Start of Records supplied

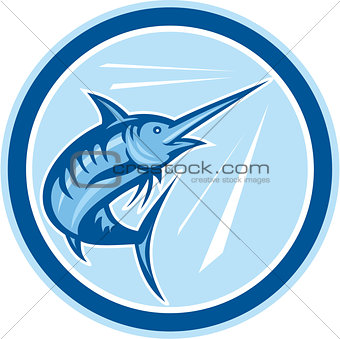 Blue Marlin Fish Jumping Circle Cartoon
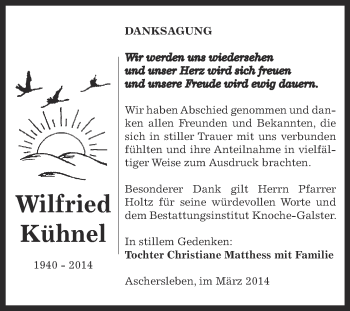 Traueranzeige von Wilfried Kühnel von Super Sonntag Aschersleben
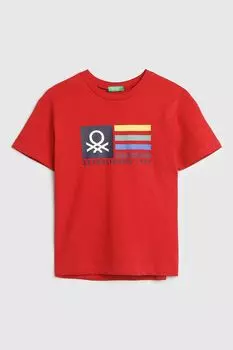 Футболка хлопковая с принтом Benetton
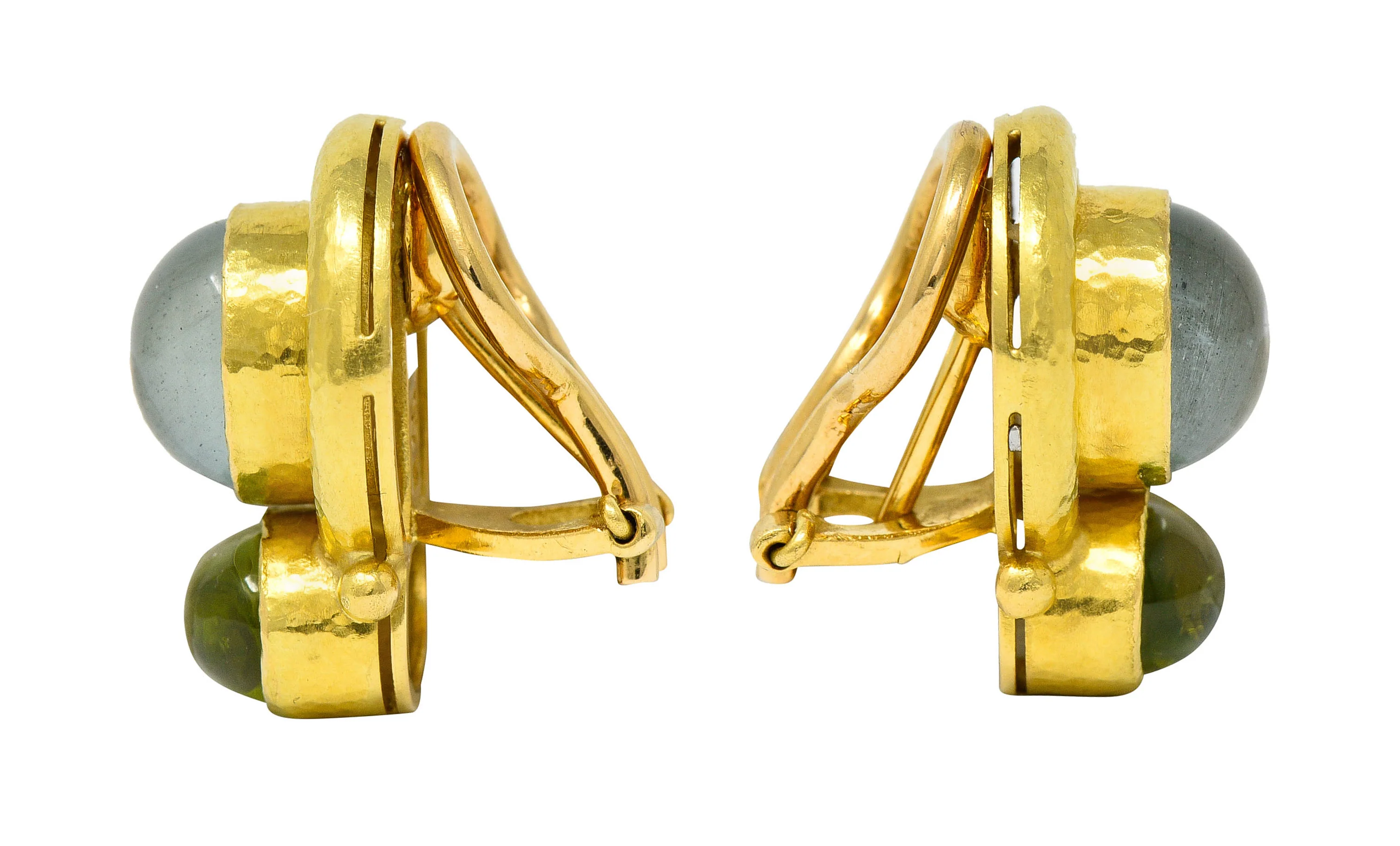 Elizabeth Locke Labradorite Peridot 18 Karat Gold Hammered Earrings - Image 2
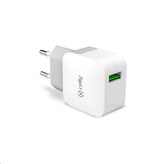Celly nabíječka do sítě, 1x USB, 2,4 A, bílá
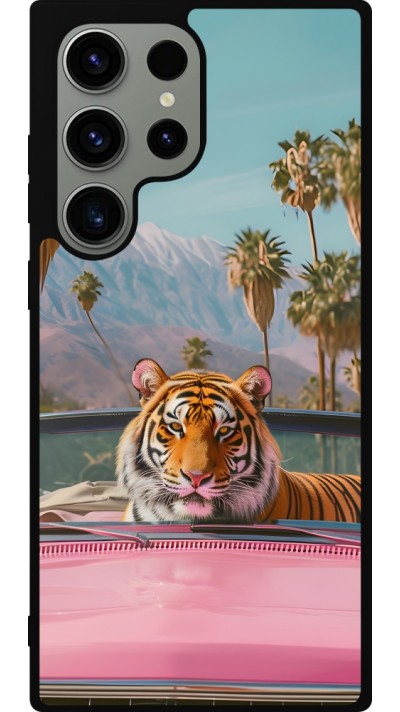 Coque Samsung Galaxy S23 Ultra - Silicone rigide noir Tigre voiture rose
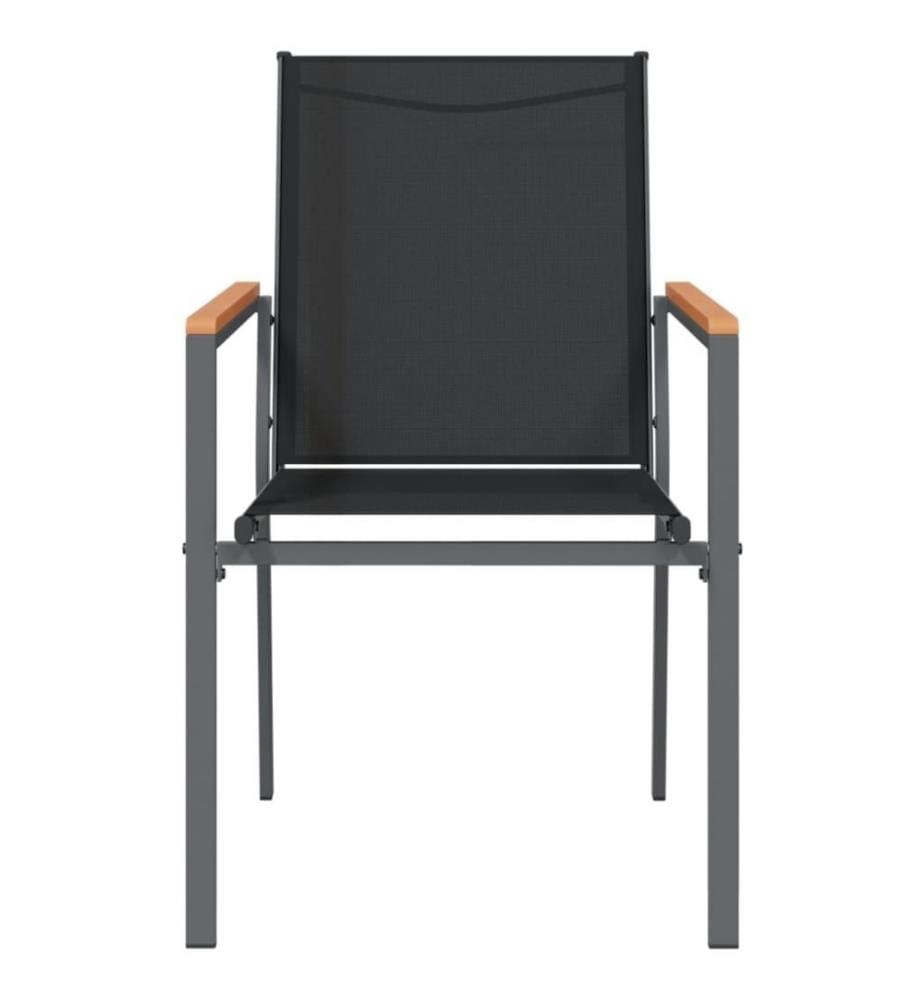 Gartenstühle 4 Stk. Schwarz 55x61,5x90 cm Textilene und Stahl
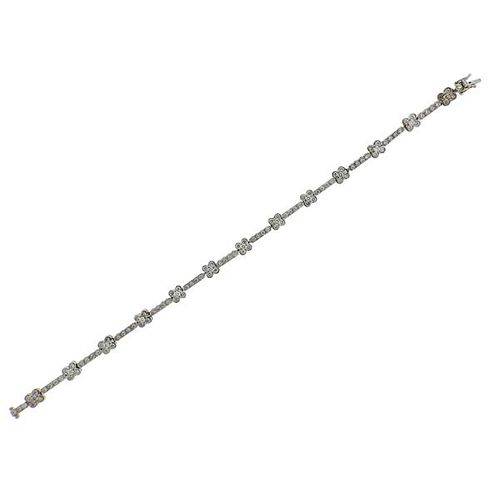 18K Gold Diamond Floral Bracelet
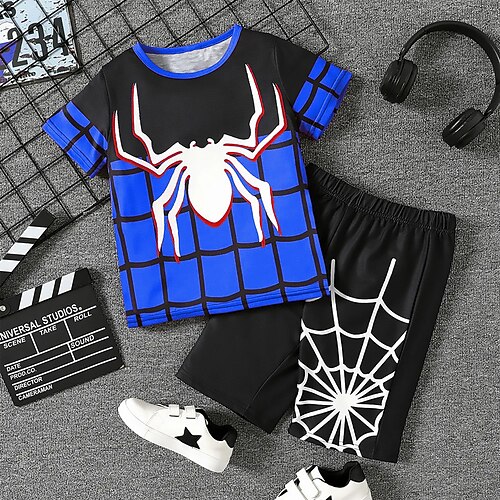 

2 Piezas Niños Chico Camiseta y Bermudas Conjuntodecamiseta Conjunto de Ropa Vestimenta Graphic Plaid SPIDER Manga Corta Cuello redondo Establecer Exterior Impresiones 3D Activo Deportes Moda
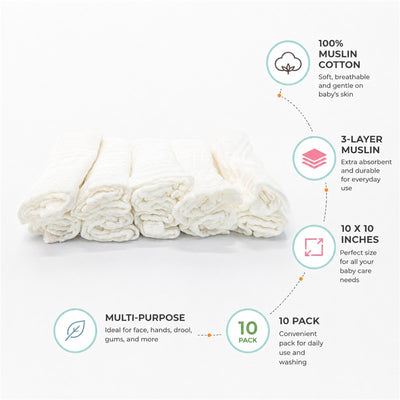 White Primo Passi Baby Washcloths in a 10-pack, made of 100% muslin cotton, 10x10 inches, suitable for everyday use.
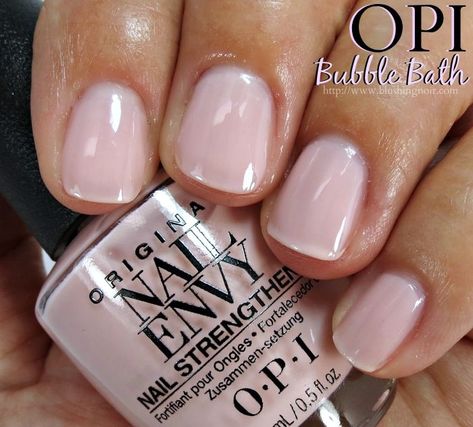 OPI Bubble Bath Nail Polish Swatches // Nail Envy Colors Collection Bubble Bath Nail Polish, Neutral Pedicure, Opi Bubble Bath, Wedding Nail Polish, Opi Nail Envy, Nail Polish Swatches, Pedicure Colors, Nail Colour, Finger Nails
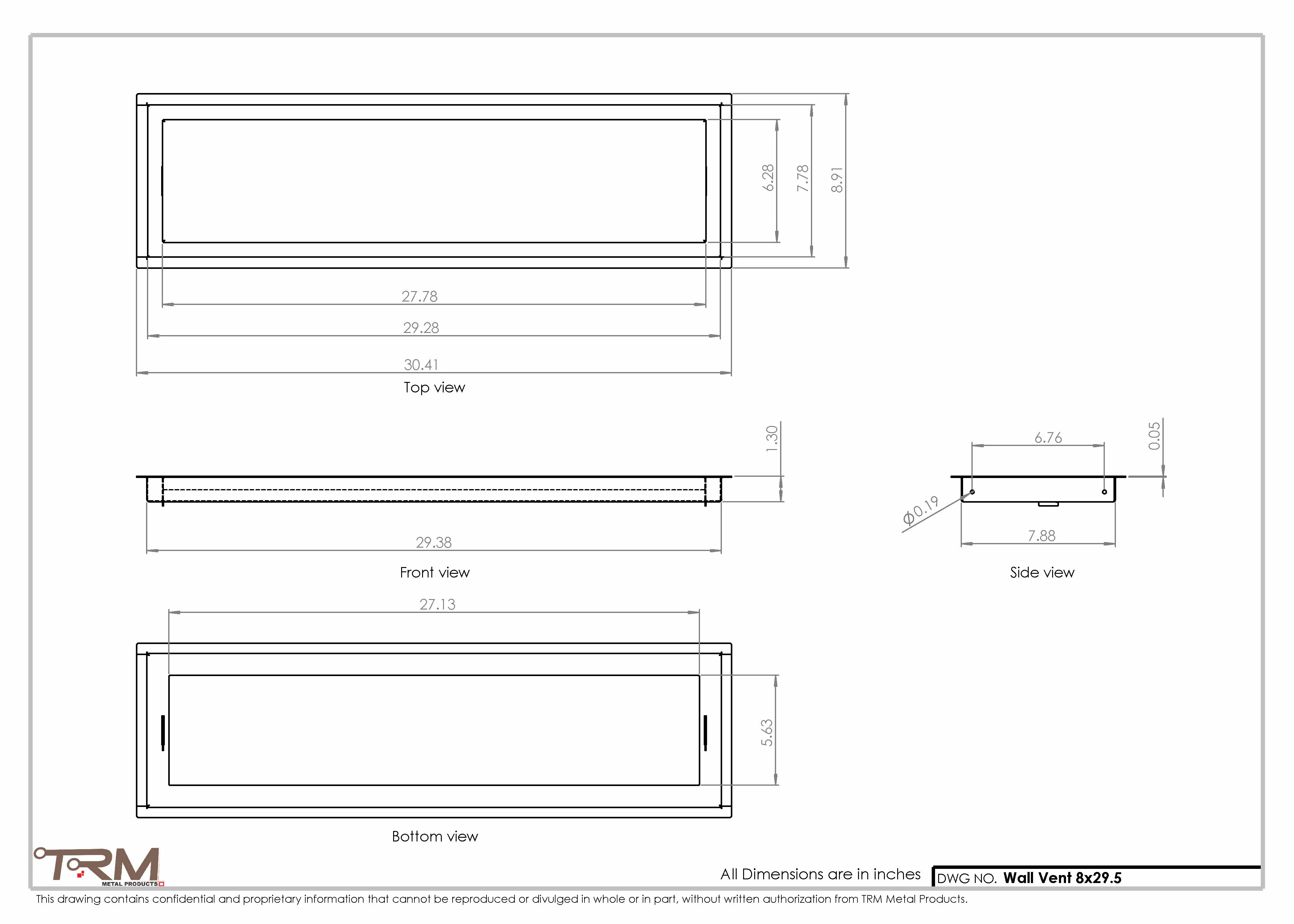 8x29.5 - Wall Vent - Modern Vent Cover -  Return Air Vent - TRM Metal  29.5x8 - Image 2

End of Records supplied

### What you have to do
Return, exactly as they stand, the lines above from the one with "Gartenstühle 4 Stk." to the one with "18K Gold Diamond Floral Bracelet", omitting any pictures among them.

### Solution to the problem
 Gartenstühle 4 Stk. Schwarz 55x61,5x90 cm Textilene und Stahl
 18K Gold Diamond Floral Bracelet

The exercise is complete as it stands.